Il s’avère plutôt facile d’adhérer à la proposition de l’auteur de se tourner vers la « voie républicaine ». En effet, dans la mesure où la forme politique du pays Québec a été peu esquissée, ce que Parenteau rappelle, il semble approprié de s’y pencher sérieusement. En outre, les modèles politiques des États indépendants étant peu nombreux à se marier à une société démocratique, le déploiement du républicanisme comme manière d’être sociale et politique apparaît somme toute intuitif.
L’ouvrage se décline en quatre chapitres. Le premier propose une présentation plus académique du modèle républicain, l’auteur le définissant à partir de deux formes, dont la première renvoie à un régime politique où la souveraineté du peuple est revendiquée. Ce régime est mis en opposition avec le régime monarchique qui privilégie la souveraineté du monarque. L’auteur insiste davantage sur la seconde forme du modèle républicain, qu’il nomme « républicanisme » et qui recouvre une conception du social et du politique opposée cette fois au libéralisme anglo-saxon. Les différences fondamentales entre ces deux représentations sont ensuite exposées. D’un côté, le républicanisme reconnaît le peuple et sa liberté, il associe le pouvoir à la volonté collective du peuple, il promeut l’intérêt général et la laïcité, il valorise de même la vertu civique, notamment par le biais de l’éducation. D’un autre côté, le libéralisme anglo-saxon privilégie les libertés individuelles, il fixe des limites à l’exercice du pouvoir afin de protéger les droits individuels, il assure la coexistence des intérêts particuliers et préfère le sécularisme ; il adopte enfin une conception juridique de la citoyenneté et de l’éducation.
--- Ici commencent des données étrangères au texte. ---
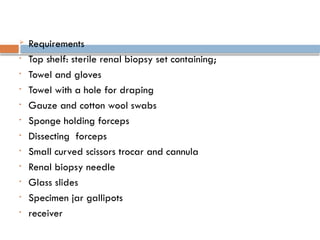  Requirements
• Top shelf: sterile renal biopsy set containing;
• Towel and gloves
• Towel with a hole for draping
• Gauze and cotton wool swabs
• Sponge holding forceps
• Dissecting forceps
• Small curved scissors trocar and cannula
• Renal biopsy needle
• Glass slides
• Specimen jar gallipots
• receiver
 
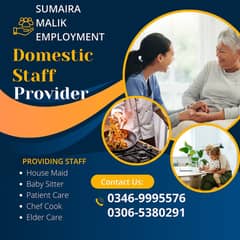 House maids , Maids , Baby Sitter , Nanny , Cook , Patient Care ,Nurs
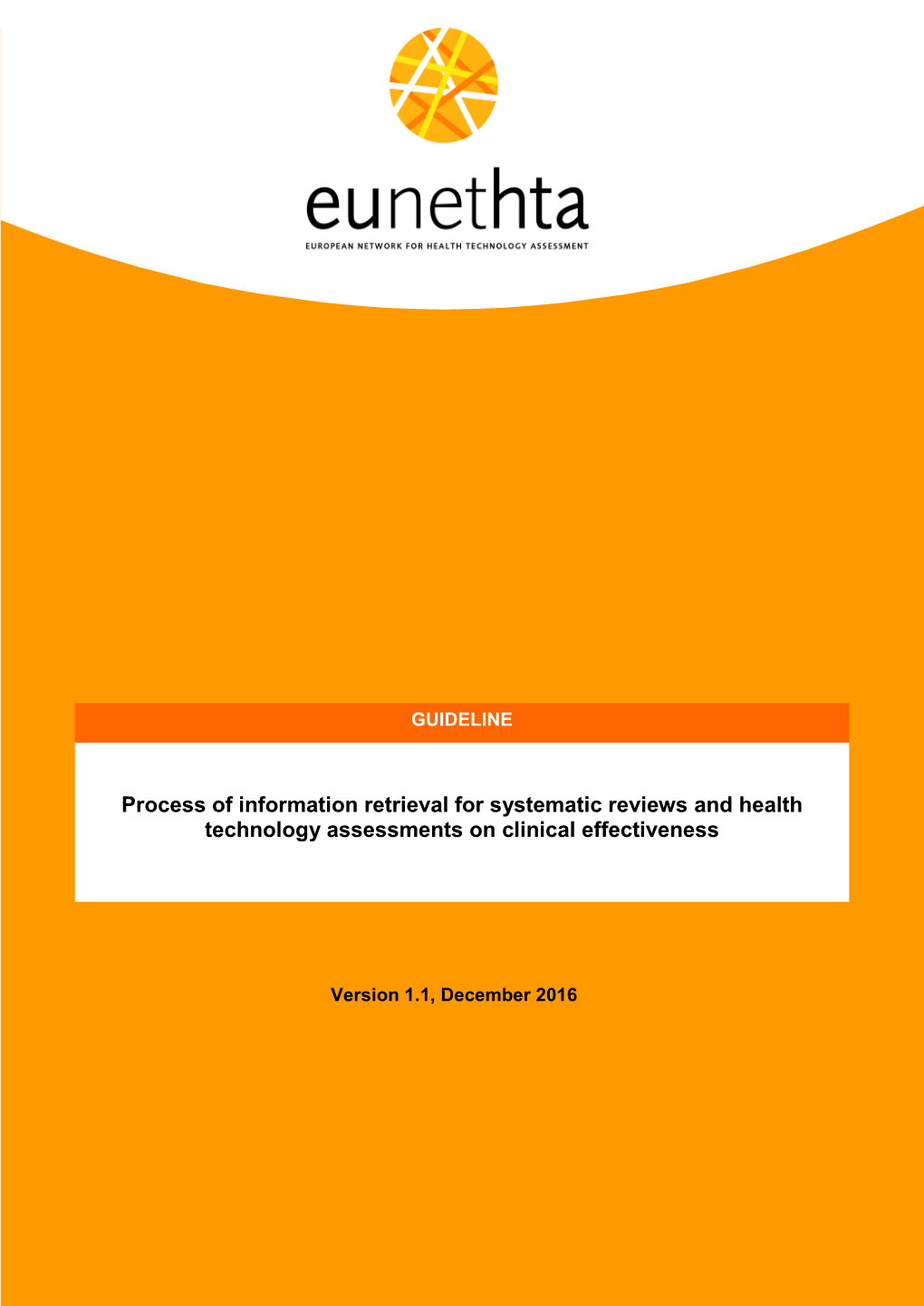 Process of Information Retrieval for Systematic Reviews and Health Technology Assessments on Clinical Effectiveness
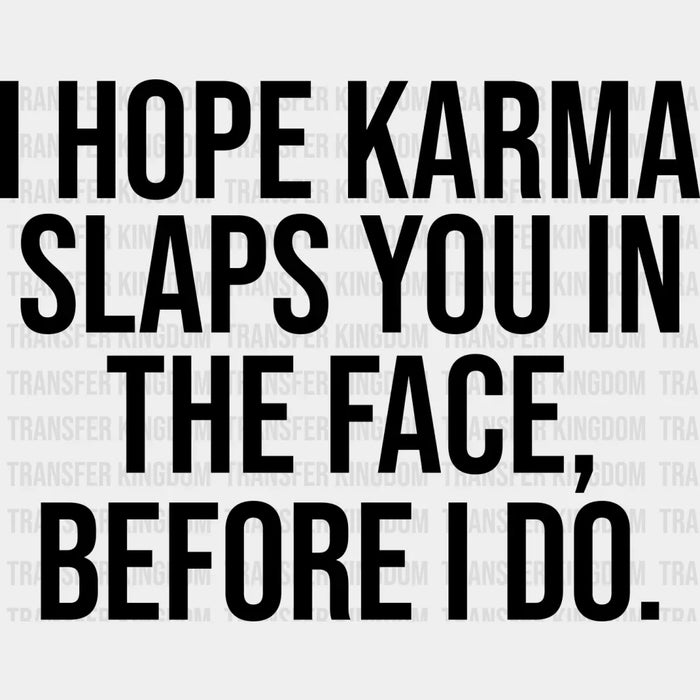 I Hope Karma Slaps You In The Face - Funny DTF Heat Transfer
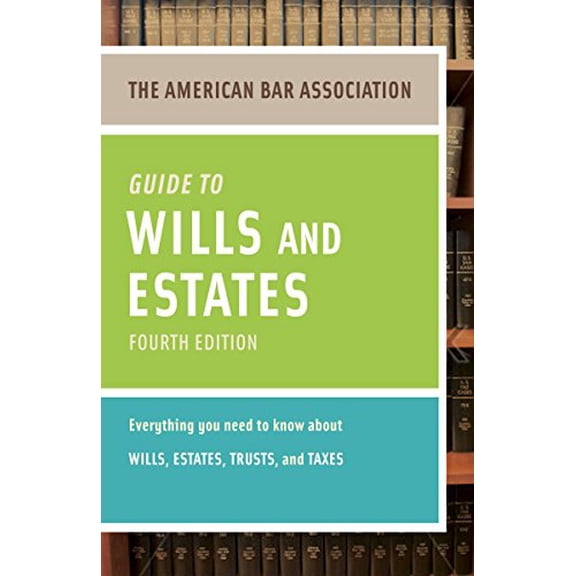 Pre-Owned The American Bar Association Guide to Wills and Estates: Everything You Need to Know about Wills, Estates, Trusts, & Taxes (Paperback) 0375723854 9780375723858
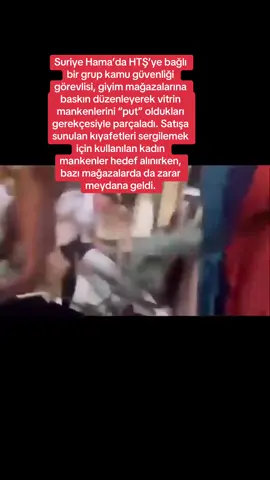 Suriye Hama’da HTŞ’ye bağlı bir grup kamu güvenliği görevlisi, giyim mağazalarına baskın düzenleyerek vitrin mankenlerini “put” oldukları gerekçesiyle parçaladı. Satışa sunulan kıyafetleri sergilemek için kullanılan kadın mankenler hedef alınırken, bazı mağazalarda da zarar meydana geldi.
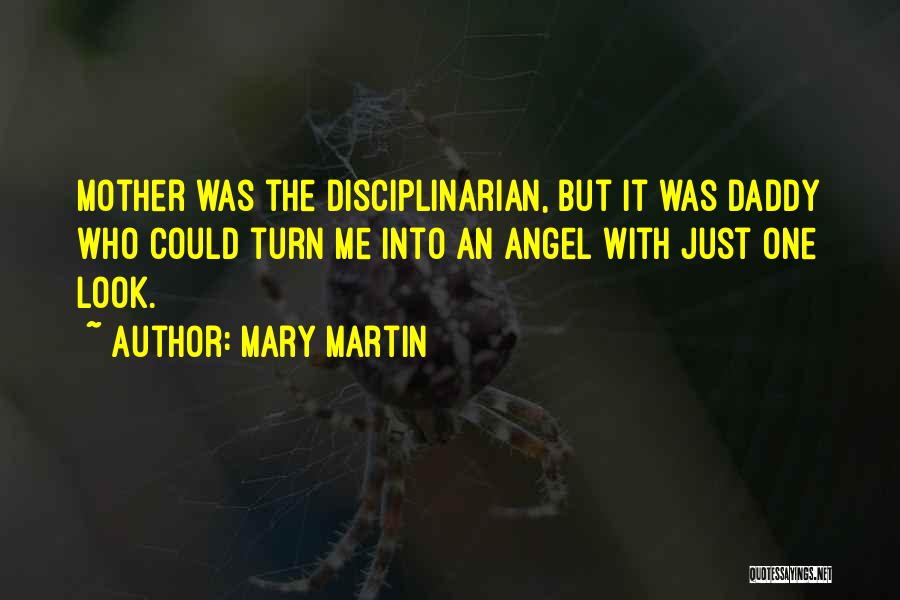 Mary Martin Quotes: Mother Was The Disciplinarian, But It Was Daddy Who Could Turn Me Into An Angel With Just One Look.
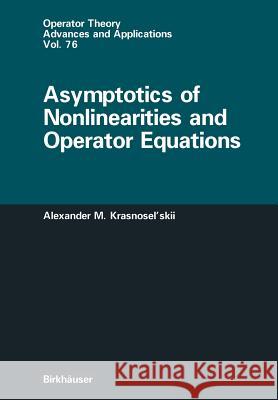 Asymptotics of Nonlinearities and Operator Equations Alexander M. Krasnosel'skii M. Martin 9783034898997 Birkh User - książka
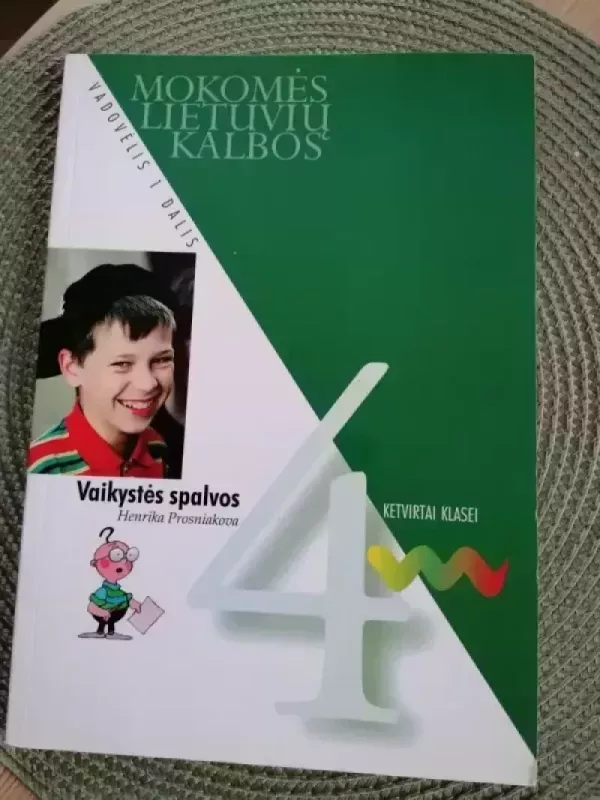 Vaikystės spalvos. Mokomės lietuvių kalbos. Vadovėlis 4 klasei, 1 dalis - Henrika Prosniakova, knyga 2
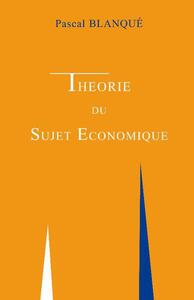 THEORIE DU SUJET ECONOMIQUE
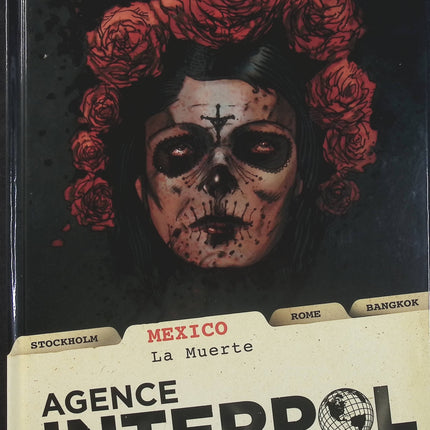 Agence Interpol Tome 1 – Mexico, La Muerte – Philippe Thirault et Marty, BD policière et thriller international au Mexique - Livre BD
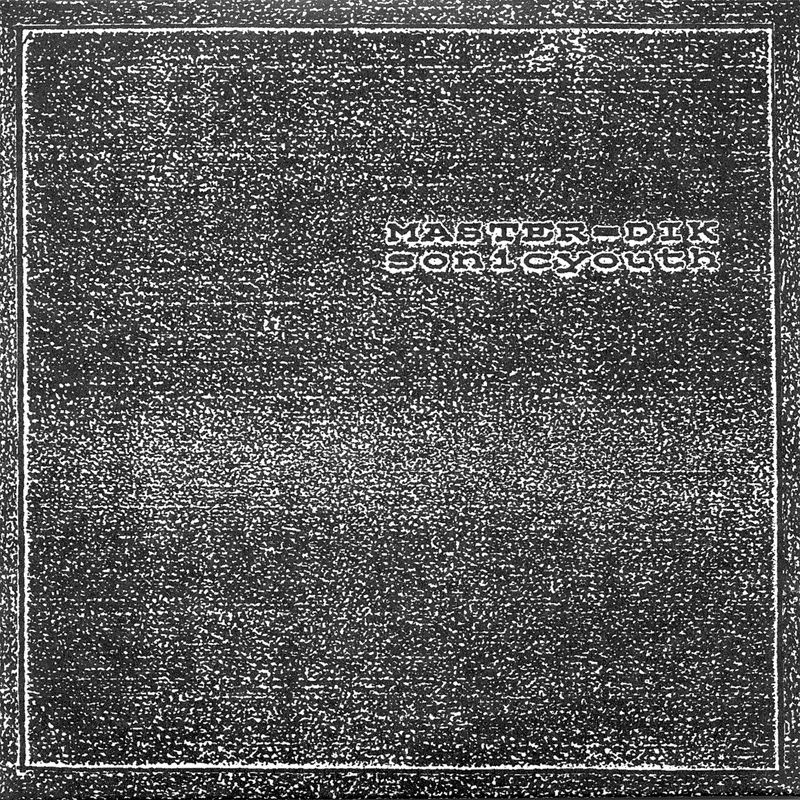 Album cover art for "Master-Dik" by Sonic Youth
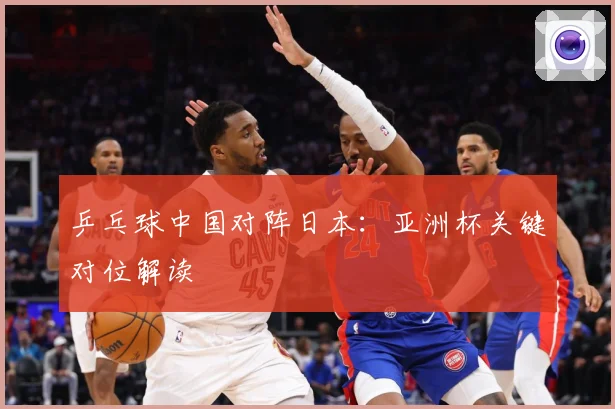 乒乓球中国对阵日本：亚洲杯关键对位解读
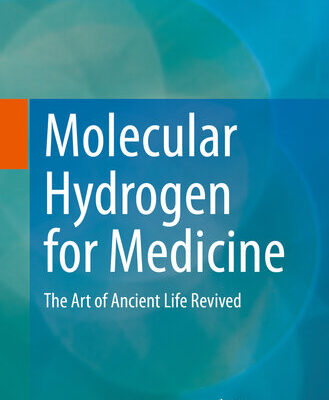 خرید و دانلود نسخه کامل کتاب Molecular Hydrogen for Medicine: The Art of Ancient Life Revived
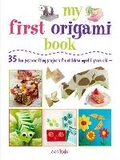 Cover: My First Origami Book - CICO Books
Au second chapitre sont abordées les difficultés stratégiques du mouvement indépendantiste. La première de ces difficultés consiste en l’effritement depuis 1995 de l’alliance des forces politiques progressistes et nationalistes – alliance née dans les années 1960. Les progressistes se désengagent donc de l’option indépendantiste, préférant d’autres luttes politiques, telles que celle contre le néolibéralisme ou celle écologiste. Les nationalistes optent quant à eux pour une plus grande neutralité du discours indépendantiste. Une deuxième difficulté naît du désintérêt à l’égard de la critique du régime canadien, tant dans son caractère monarchique que parlementaire. La stratégie fondée sur le « tout-référendum » constitue une troisième difficulté, en particulier en raison des défaites de 1980 et de 1995, de même que de l’évolution du contexte politique. Désormais le référendum, brandi comme une menace, sert davantage la cause de ses adversaires, précise l’auteur ; par ailleurs, la recherche des « conditions gagnantes » relègue ses partisans à une position d’attente inconfortable.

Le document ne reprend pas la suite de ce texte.